(Short web captions)
+++++

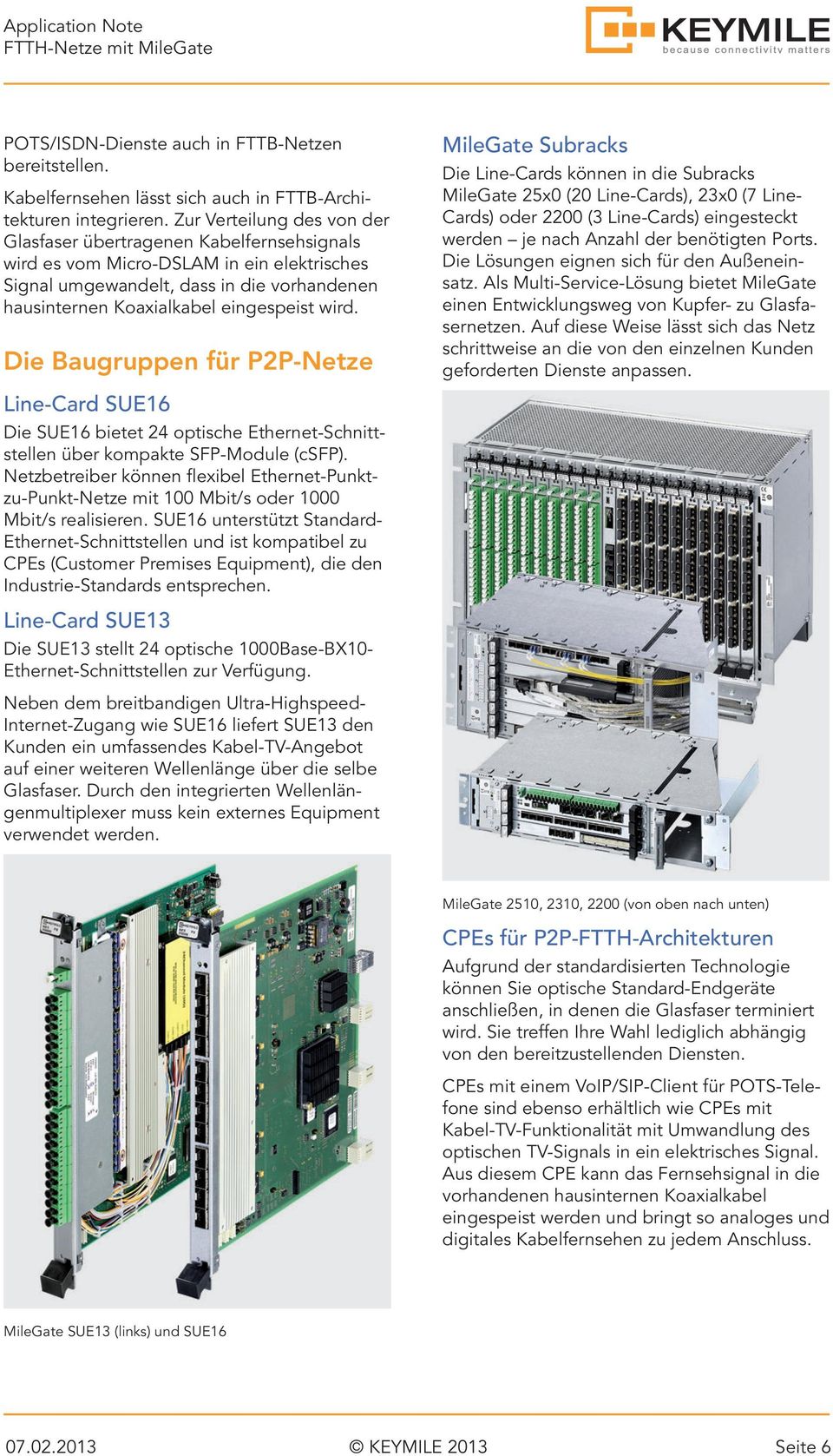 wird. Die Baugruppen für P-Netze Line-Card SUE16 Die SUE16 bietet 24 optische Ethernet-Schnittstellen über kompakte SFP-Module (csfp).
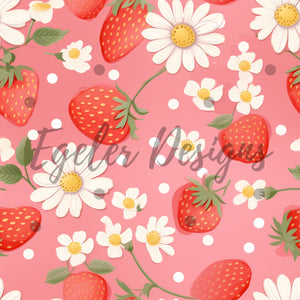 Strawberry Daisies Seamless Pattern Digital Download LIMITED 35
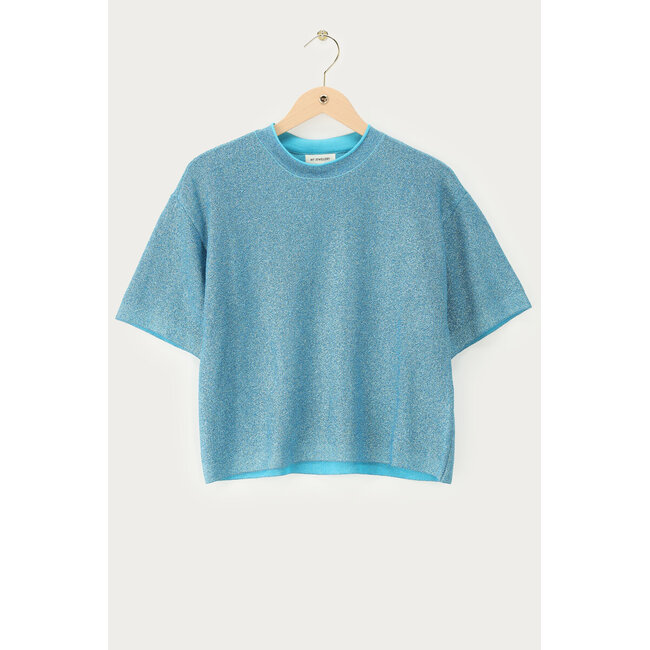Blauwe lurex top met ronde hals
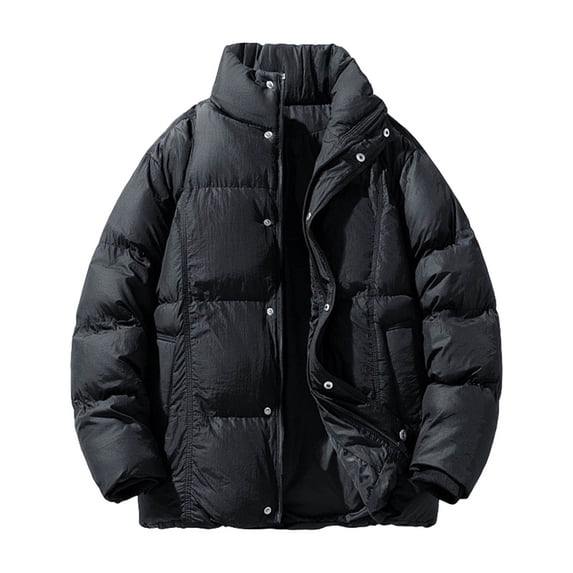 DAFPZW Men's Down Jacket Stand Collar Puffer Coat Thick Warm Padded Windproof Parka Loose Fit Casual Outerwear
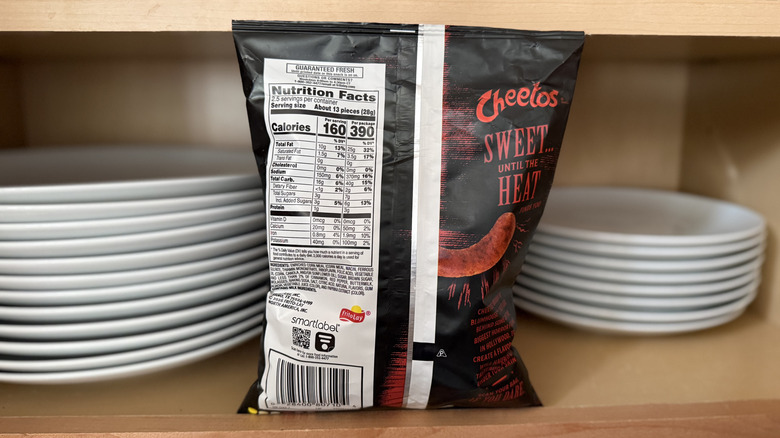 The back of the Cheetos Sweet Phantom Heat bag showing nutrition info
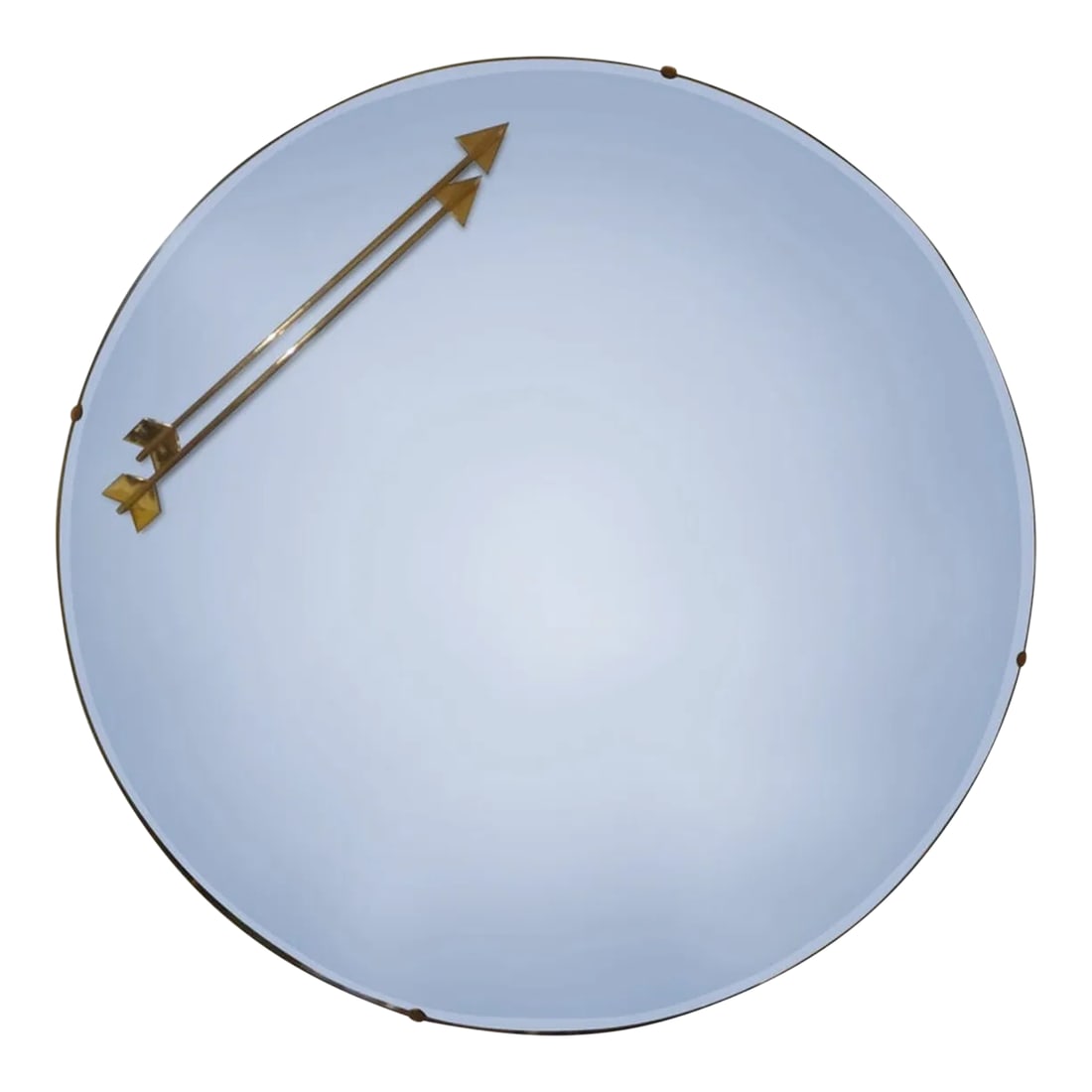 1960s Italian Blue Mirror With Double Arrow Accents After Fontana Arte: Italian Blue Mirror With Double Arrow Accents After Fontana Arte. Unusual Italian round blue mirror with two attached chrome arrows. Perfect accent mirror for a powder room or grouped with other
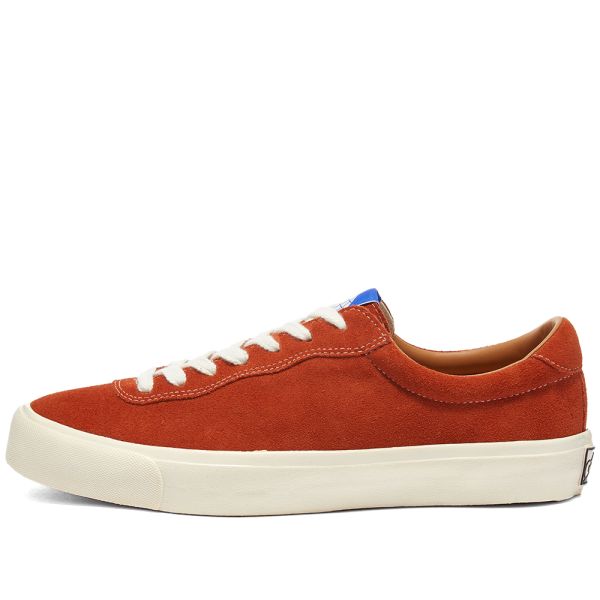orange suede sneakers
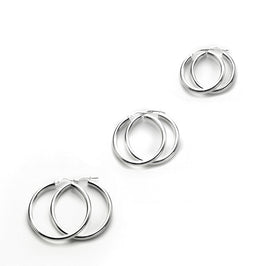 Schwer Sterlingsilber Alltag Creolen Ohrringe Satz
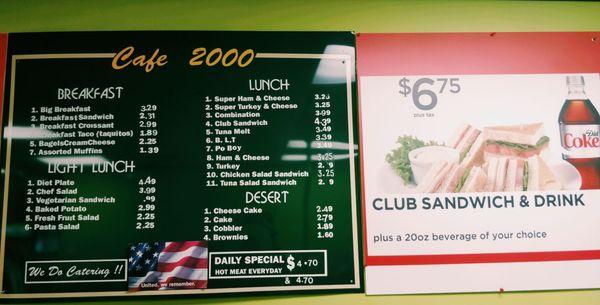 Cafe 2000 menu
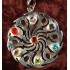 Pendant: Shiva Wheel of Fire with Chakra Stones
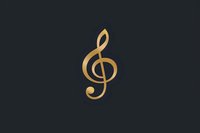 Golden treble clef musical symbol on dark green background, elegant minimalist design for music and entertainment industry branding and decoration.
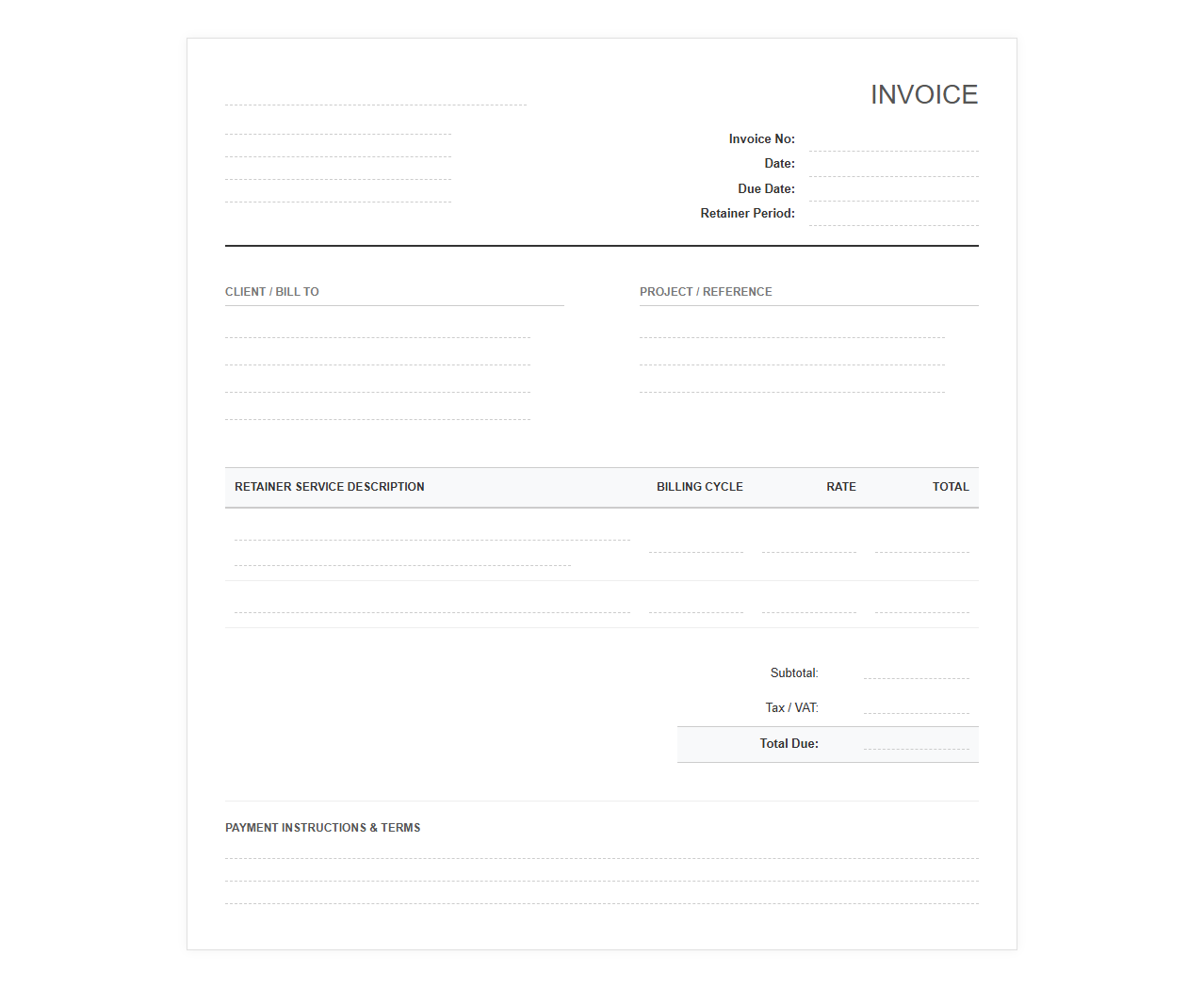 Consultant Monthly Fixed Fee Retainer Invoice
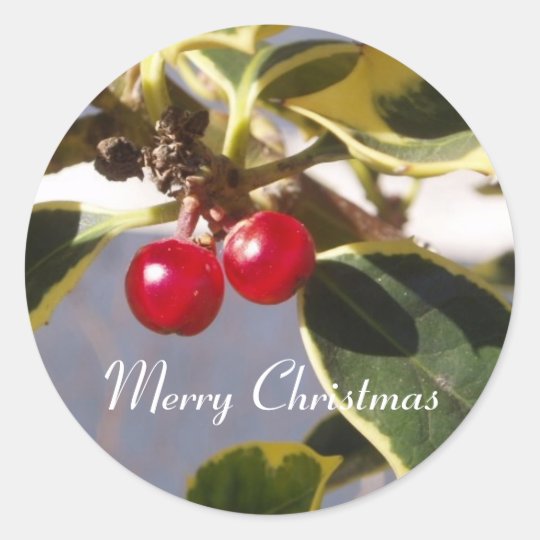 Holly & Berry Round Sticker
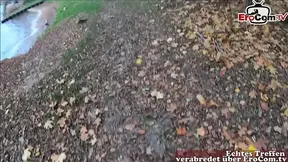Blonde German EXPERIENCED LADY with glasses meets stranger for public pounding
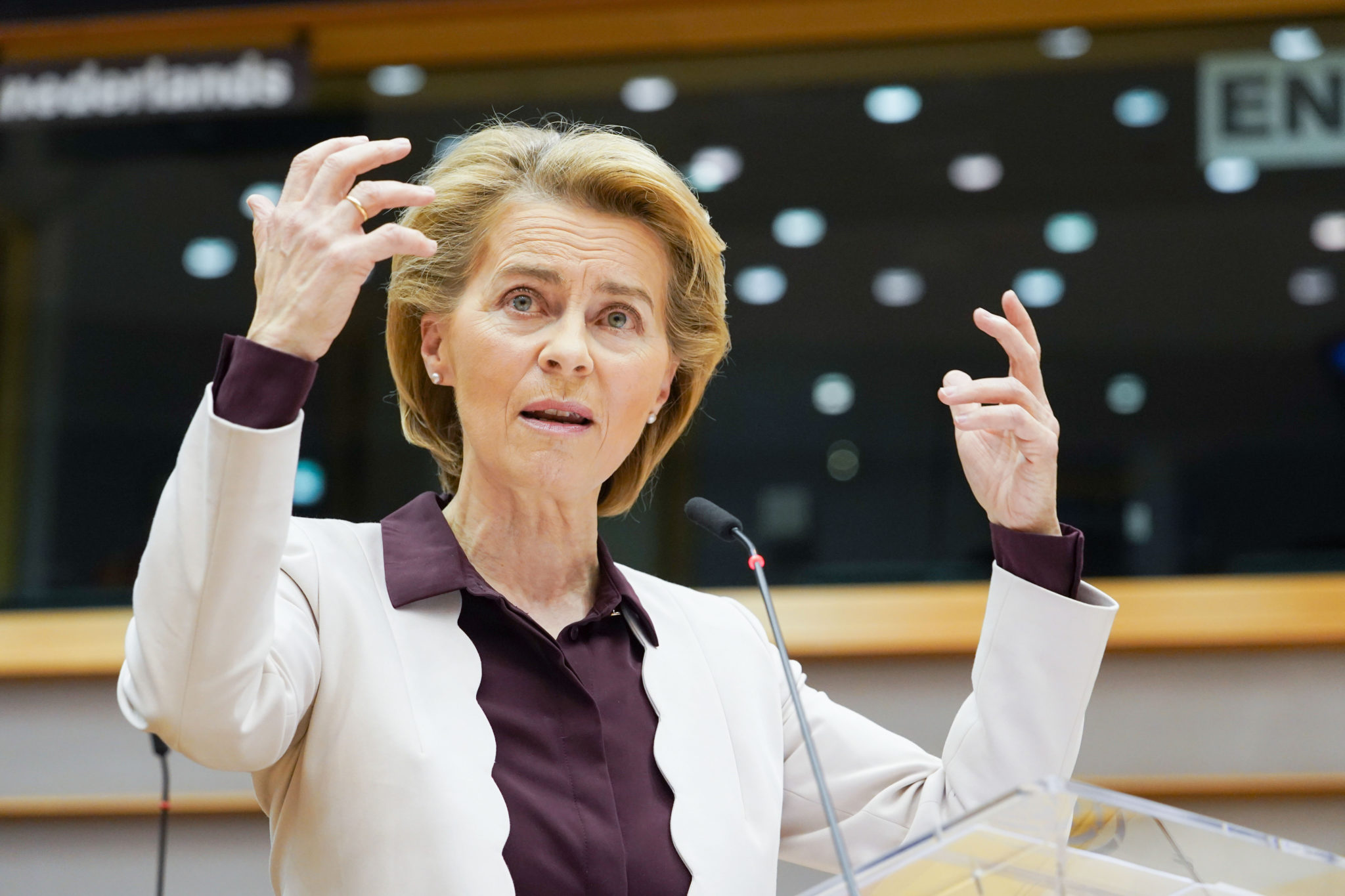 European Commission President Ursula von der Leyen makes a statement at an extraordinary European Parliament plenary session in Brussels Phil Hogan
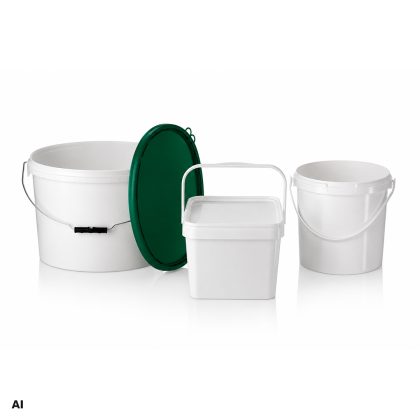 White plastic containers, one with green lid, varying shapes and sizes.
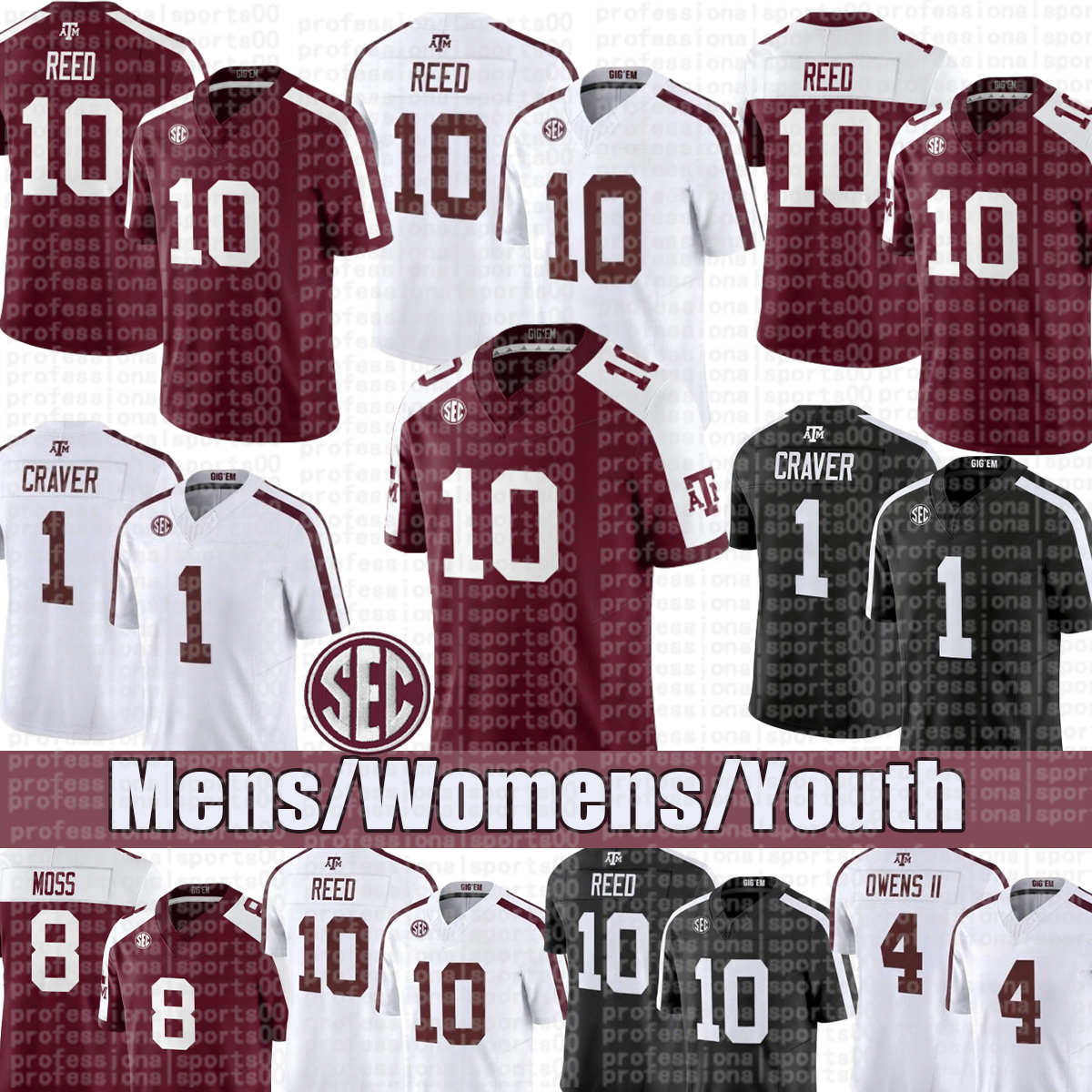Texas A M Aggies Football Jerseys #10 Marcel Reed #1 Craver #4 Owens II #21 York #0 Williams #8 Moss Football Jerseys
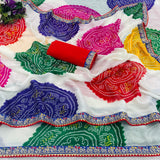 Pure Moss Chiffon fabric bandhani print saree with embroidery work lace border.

+++++

**HOW TO COMPLETE THIS TASK**. Reproduce, exactly and only, the lines of the records above starting at the line with "Pendant: Shiva Wheel" and ending at the line with "Holly & Berry Round Sticker", both included. Leave every picture out.

**ANSWER FOR THIS EXERCISE**.
 Pendant: Shiva Wheel of Fire with Chakra Stones
 Golden treble clef musical symbol on dark green background, elegant minimalist design for music and entertainment industry branding and decoration.
 Consultant Monthly Fixed Fee Retainer Invoice
 Holly & Berry Round Sticker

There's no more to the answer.